6 March 2013
Today we cover how Parallel GC works. Specifically this is the combination of running a Parallel Scavenge collector over Eden and the Parallel Mark and Sweep collector over the Tenured generation. You can get this option by passing in -XX:+UseParallelOldGC though its the default on certain machine types.
You may want to read my first blog post on Garbage Collection if you haven't since this gives a general overview.
In the parallel scavenge collector eden and survivor spaces are collected using an approach known as Hemispheric GC. Objects are initially allocated in Eden, once Eden is close to full 1 a gc of the Eden space is triggered. This identifies live objects and copies them to the active Survivor Space2. It then treats the whole Eden space as a free, contiguous, block of memory which it can allocate into again.
In this case the allocation process ends up being like cutting a piece of cheddar. Each chunk gets sliced off contiguously and then the slice next to is the next to be 'eaten'. This has the upside that allocation merely requires pointer addition.
A slab of cheddar, ready to be allocated.
In order to identify live objects a search of the object graph is undertaken. The search starts from a set of 'root' objects which are objects that are guaranteed to be live, for example every thread is a root object. The search then find objects which are pointed to by the root set, and expands outwards until it has found all live objects.
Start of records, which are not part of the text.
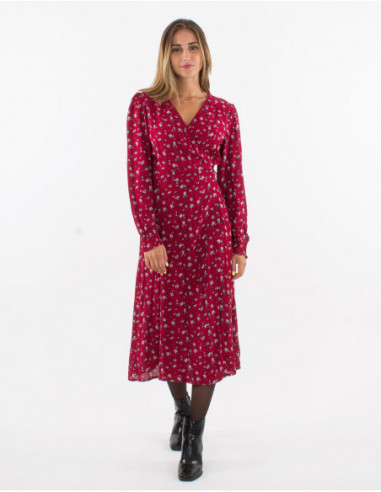 Robe longue élégante portefeuille avec petites fleurs bohème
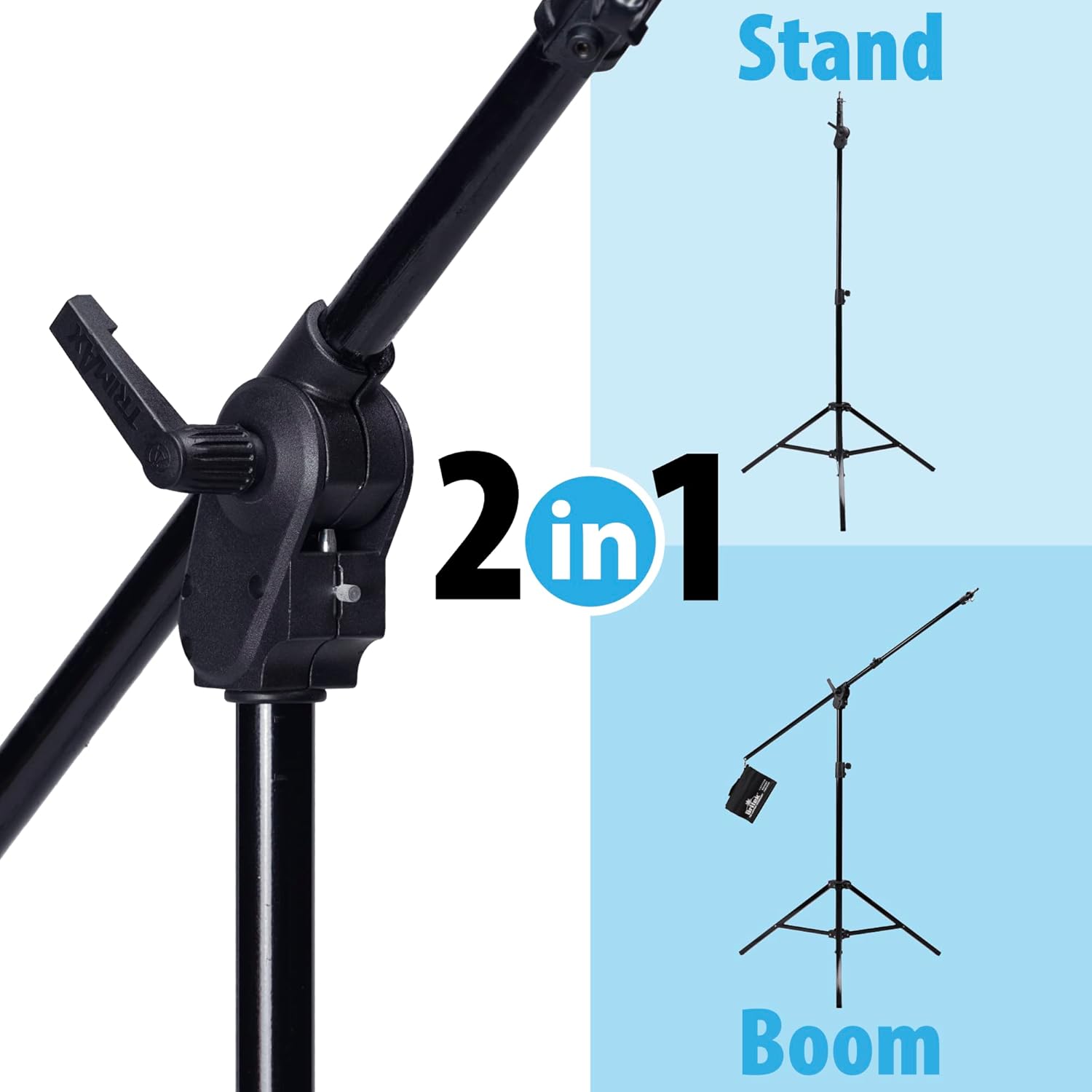 BRITEK Soporte de luz resistente 2 en 1 con brazo de pluma (atacado) y bolsa de arena de dos bolsillos, aleación de aluminio de 12.7 pies para video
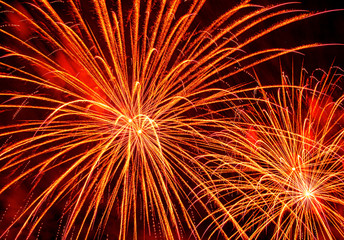 Nice, colorful fireworks abstract in the evening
Here's a really nice pictorial representation, courtesy of Michael Triana
Parallel in the context of parallel scavenge means the collection is done by multiple threads running at the same time. This shouldn't be confused with incremental GC, where the collector runs at the same time as, or interleaved with, the program. Parallel collection improves overall GC throughput by better using modern multicore CPUs. The parallelism is achieved by giving each thread a set of the roots to mark and a segment of the table of objects.
There are two survivor spaces, but only one of them is active at any point in time. They are collected in the same way as eden. The idea is that objects get copied into the active survivor space when they are promoted from eden. Then when its time to evacuate the space they are copied into the inactive survivor space. Once the active survivor space is completely evacuated the inactive space becomes active, and the active space becomes inactive. This is achieve by flipping the pointer to the beginning of the survivor space and means that all the dead objects in the survivor space can be freed at the cost of assigning to a single pointer.
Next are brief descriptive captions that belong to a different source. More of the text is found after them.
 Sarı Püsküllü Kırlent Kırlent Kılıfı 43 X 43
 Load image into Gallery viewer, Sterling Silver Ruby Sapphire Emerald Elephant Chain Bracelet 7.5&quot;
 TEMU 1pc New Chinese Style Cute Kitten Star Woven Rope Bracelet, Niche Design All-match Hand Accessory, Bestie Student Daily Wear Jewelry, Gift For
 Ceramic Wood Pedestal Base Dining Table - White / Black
Since this involves only copying live objects and pointer changes the time taken to collect eden and survivor spaces is proportional to the amount of live objects. This is quite important since due to the generational hypothesis we know that most objects die young, and there's consequently no GC cost to freeing the memory associated with them.
The design of the survivor spaces is motivated by the idea that collecting objects when they are young is cheaper than doing a collection of the tenured space. Having objects continue to be collected in a hemispheric fashion for a few GC runs is helpful to the overall throughput.
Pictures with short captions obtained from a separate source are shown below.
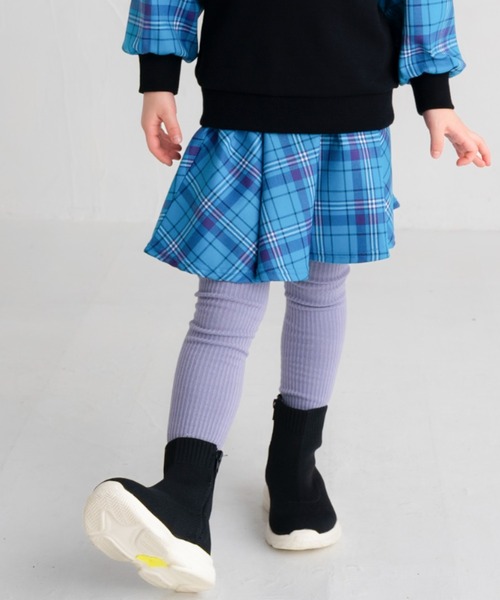 maarook(マルーク)の「タータンチェックサーキュラースカート(スカート・キッズ・ブルー・120cm/130cm/110cm)」の1枚目の写真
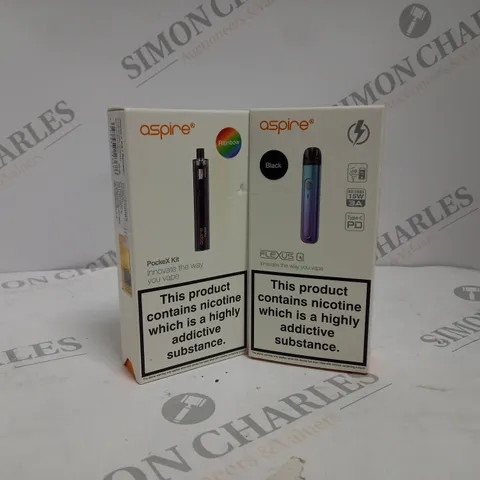 APPROXIMATELY 20 ASSORTED BOXED ASPIRE VAPING PRODUCTS TO INCLUDE FLEXUS Q KIT, POCKEX KIT ETC.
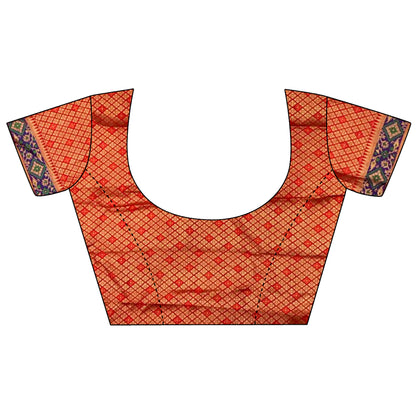 Elora Red Soft Silk Zari Weaving Patola Saree - Dista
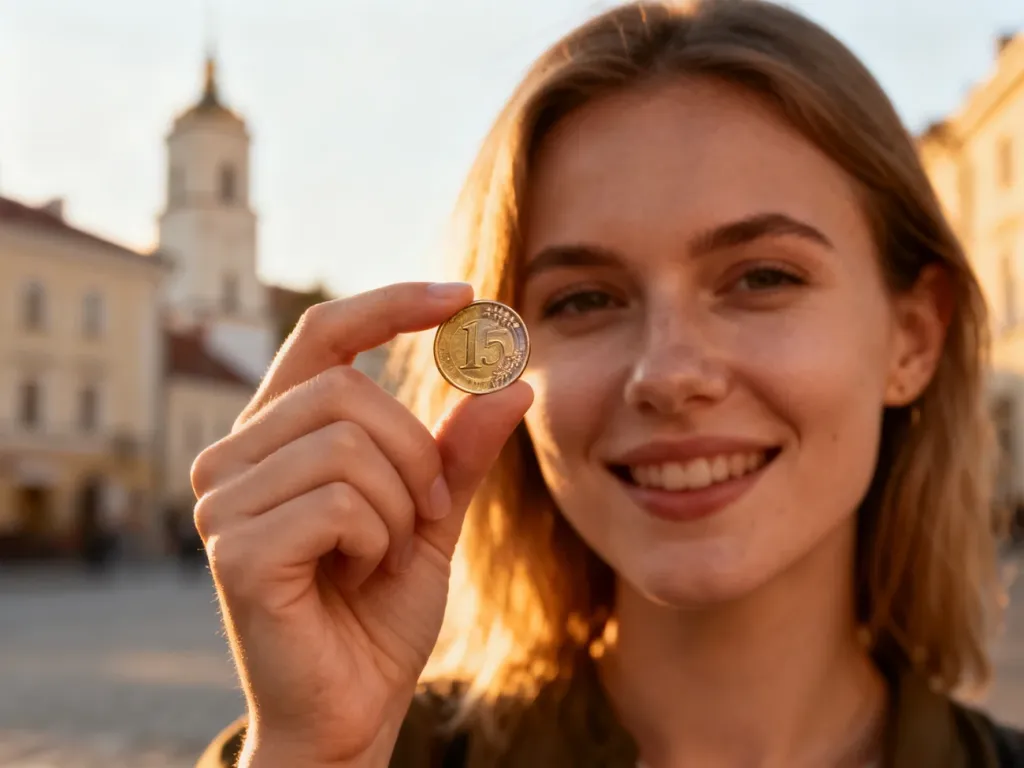 Kobieta trzymająca w dłoni monetę euro na tle architektury wileńskiej starówki.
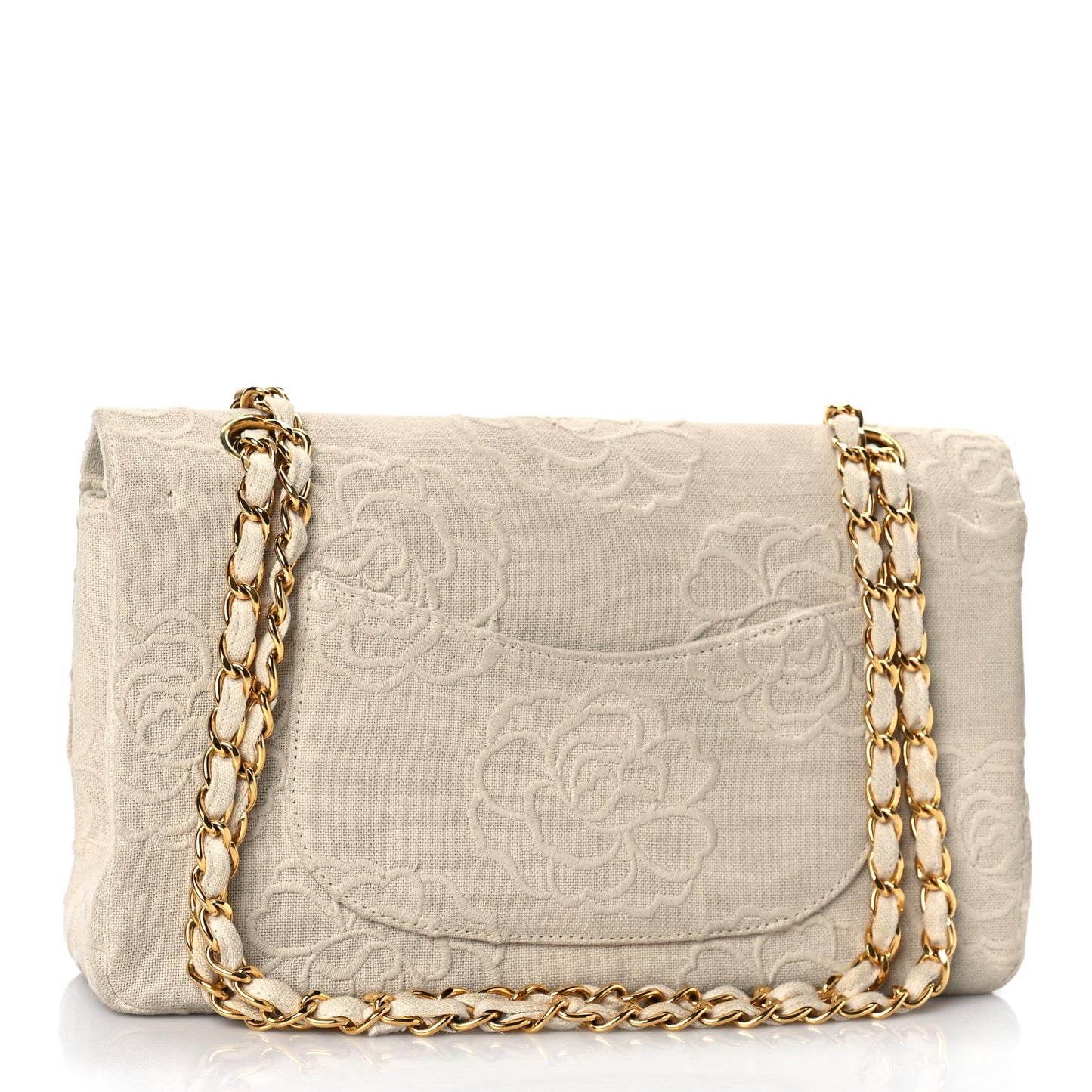Canvas Camellia Embroidered Medium Double Flap Ivory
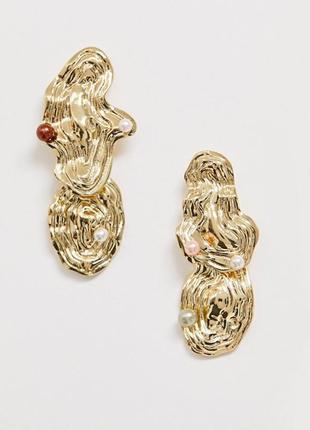 🌌🔮 абстактнные асиметричні сережки-гвоздики з намистинами від pieces оригінал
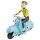 Tin toy scooter girl blue-light blue girl on a motor scooter scooter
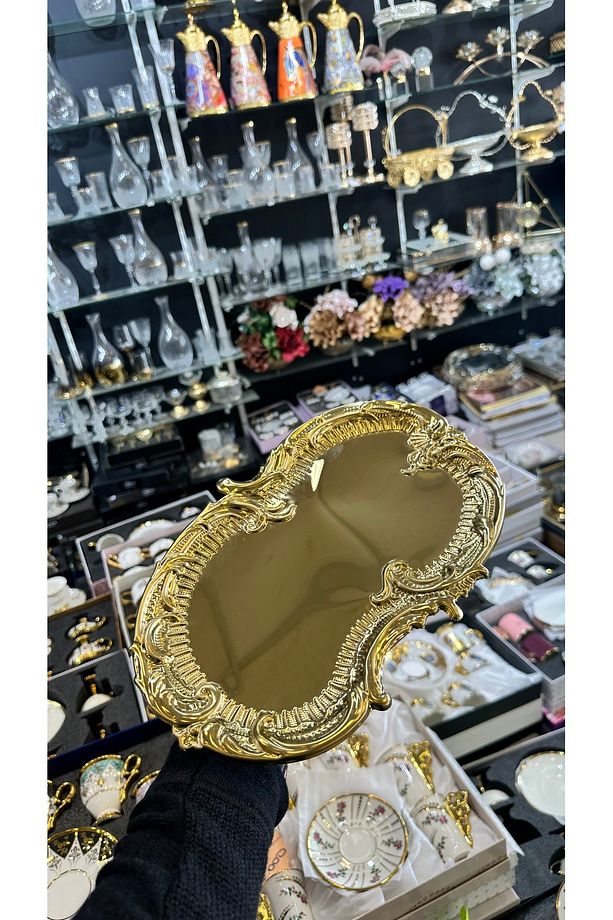 6 lı Metal Gold Çay Kahve Sunum Tepsisi Tek Kişilik 6 Adet - 1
Finally the fact that eden is organised into a single contiguous space makes object allocation cheap. A C program might back onto the 'malloc' command in order to allocate a block of memory, which involves traversing a list of free spaces in memory trying to find something that's big enough. When you use an arena allocator and consecutively allocate all you need to do is check there is enough free space and then increment a pointer by the size of the object.
Objects that have survived a certain number of collections make their way into the tenured space. The number of times that they need to survive is referred to as the 'tenuring threshold'. Tenured Collections work somewhat differently to Eden, using an algorithm called mark and sweep. Each object has a mark bit associated with it. The marks are initially all set to false and as the object is reached during the graph search they're set to true.
The graph search that identifies live objects is similar to the search described for young generation. The difference is that instead of copying live objects, it simply marks them. After this it can go through the object table and free any object that isn't live. This process is done in parallel by several threads, each search a region of the heap.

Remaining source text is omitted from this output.